I thought I'd mention that I rewrote AudioProcessorGraph a couple of weeks ago, mainly to speed up graph building but to add a few other things I wanted. Unfortunately this is for a commercial product so I can't make it available, but you reminded me that I should write down a few of the things I found before I forget it completely.
Graph build performance
With the contrived test case I was using (10,000's of nodes and connections), the graph build was well in excess of a minute. I managed to get the same test case down to around 15ms, with a more realistic graph (for me anyway, a few 100 nodes/connections) well under 1ms. I could have gone even further but there was no point once I was sub 1ms.
I see that a few people had been there before and fixed up some stuff but it really needed a few fundamental changes. One bottleneck was the addition of ordered nodes at the start which was O(n^2). This can be made O(num_nodes + num_connections) with a topological sort - I used Tarjan's algorithm but there are others.
Next main bottleneck was isBufferNeededLater() - probably worse than O(n^2). I solved this by making the render op calculator work out how many times a buffer will be needed in future at the point it allocates it - essentially, setting up a refcount. Every time the buffer is 'used' (ie. fed into the input of a later node), the refcount is decremented. Once it reaches zero that buffer's put back on the free list again.
I also found it very useful to keep the nodes/connections in a proper graph (ie. the nodes keep track of their own incoming and outgoing connections), since the current implementation just keeps them in 'global' linear lists. I originally just used binary chop/hashmaps on these global lists, but found it very useful to be able to just get the connections straight from the node (still kept the 'global' lists too though).
Run time performance
The original ordered node sort seemed to produce more of a breadth first node sort. By this, I mean that if you have a node summing point with multiple inputs (eg. 32 mixing desk strips being mixed to 1 final output), it would tend to generate each input in turn and then only sum them at the end, requiring 32 intermediate buffers. I changed this so it would process 1, mix 1, process 1, mix 1 etc. so that it doesn't require nearly as many buffers. I suspect buffer cache hits might be better too but that's half speculation.
A second problem was in a similar area, but to do with latency compensation. A common scenario I had was to have 32 channels to sum, only one or two of which had effects with non-zero latency. The original implementation would add 30 delays to the 30 or so other channels which didn't have any latency. I changed this so that it would mix these 30 together, then apply one delay to that submix. I made this more general so that it would cascade summing/delay points. eg 5 inputs with the latencies of 0ms, 0ms, 5ms, 5ms, 25ms now does this:
Sum the 0ms inputs
Apply 5ms delay
Sum with the 5ms inputs
Apply 20ms delay
Sum with the 25ms input
Feed to next node's input
Improvements
Multiple MIDI connections. My version of the AudioProcess handles multiple MIDI buffers, which I find useful from time to time. This actually made the render op calculation code simpler, because they could be treated almost identically to the audio buffers.
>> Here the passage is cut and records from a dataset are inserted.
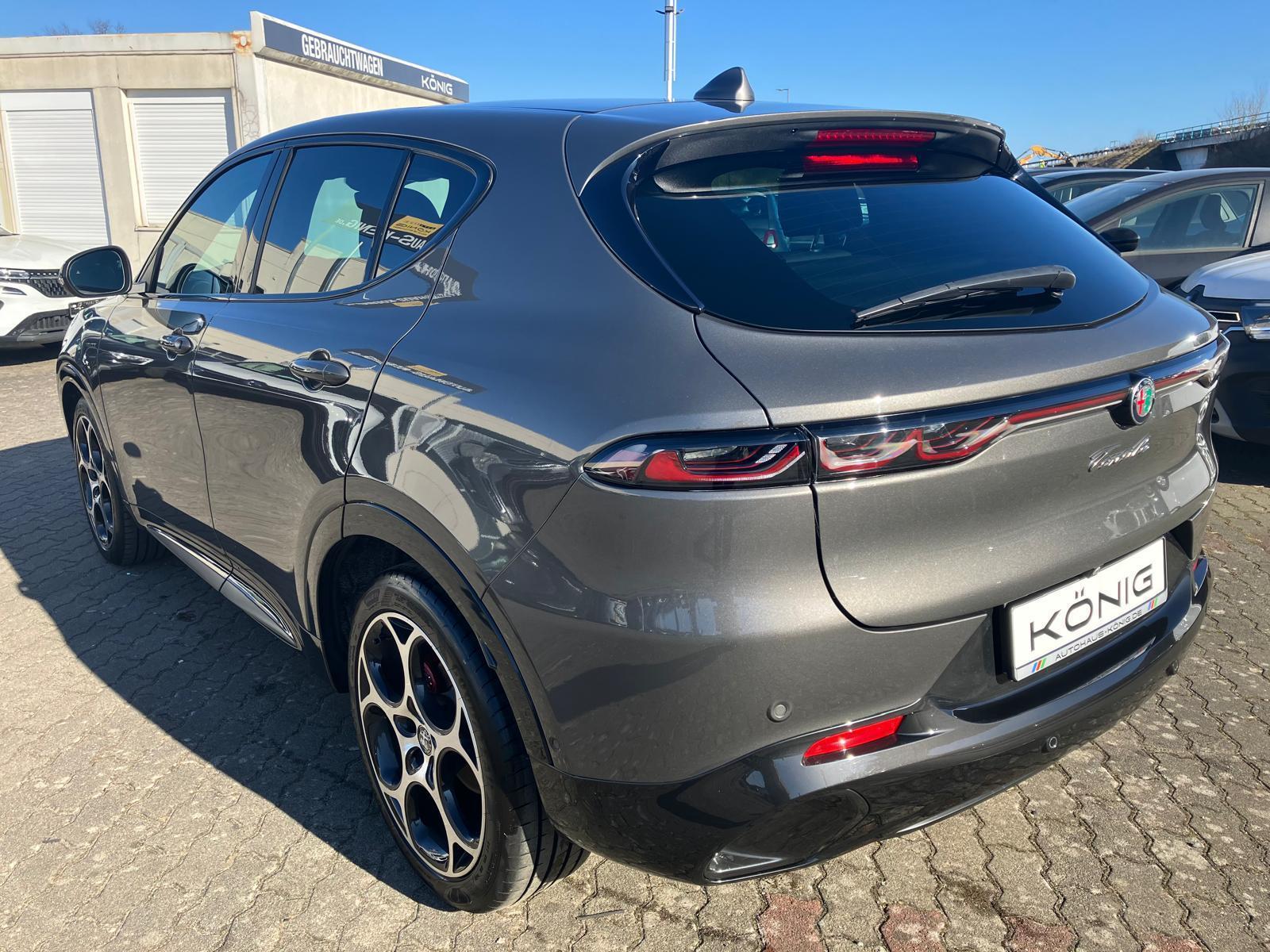 Alfa Romeo Tonale Navi/Kamera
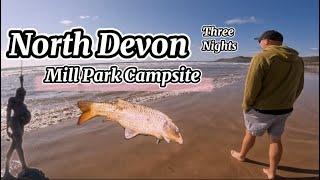 Mill Park Campsite - North Devon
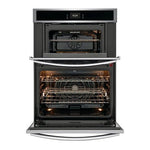 GCWM3067AF - WALL OVENS - Frigidaire Gallery - Combination Oven - Stainless Steel - New - BonPrix Électroménagers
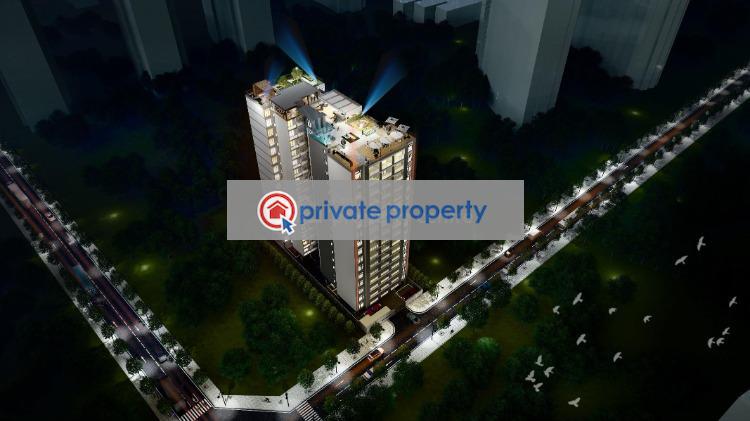 1 bedroom Apartment For Sale &nbsp;george Padmore Chiromo Kilimani Nairobi - 2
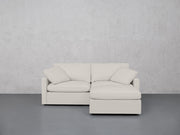 3-Seat Modular Chaise Sectional (Thin Arms)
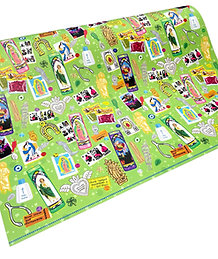 Buenas Vibras Gift Wrap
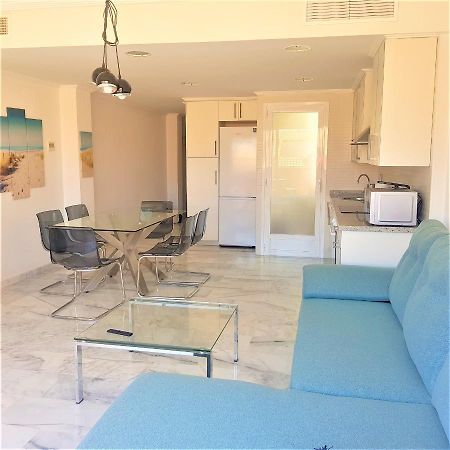 Aleksandra Apartament Sant Pere El Campello Eksteriør billede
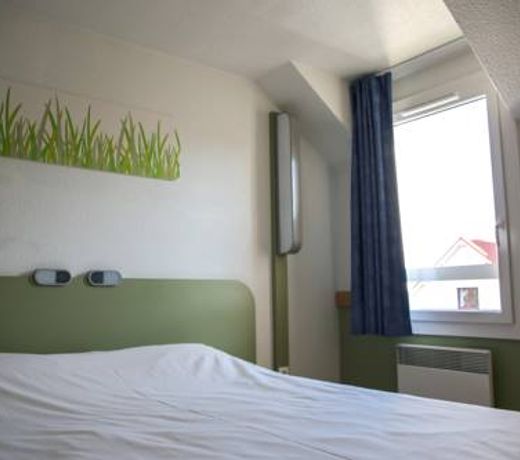 ibis Budget Boulogne Sur Mer Centre les Ports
MIDI connection break. I made my MIDI connections keep track of the MIDI keyboard state. When a connection is removed, it 'injects' the necessary note off messages to the downstream nodes to automatically prevent hanging notes.
Latency delay re-allocation. I didn't like the way that every time the graph was rebuilt, it re-allocated and cleared out all the latency delay compensation buffers, resulting in audio nastiness for even trivial changes. I modified the delay buffer allocation so that each buffer has a unique fingerprint based upon the node, input channel index etc. When it rebuilds the graph, it tries to look up a delay buffer with the same fingerprint and continues using it if it can.
There was loads more, but this is what I remember at the moment. I'd recommend that the library version gets a full rewrite at some point - I was excited to find it initially, but that kind of turned to disappointment when I realised how slowly the graph rebuild was working on a phone, and how much logic I'd have to untangle to understand/rewrite it!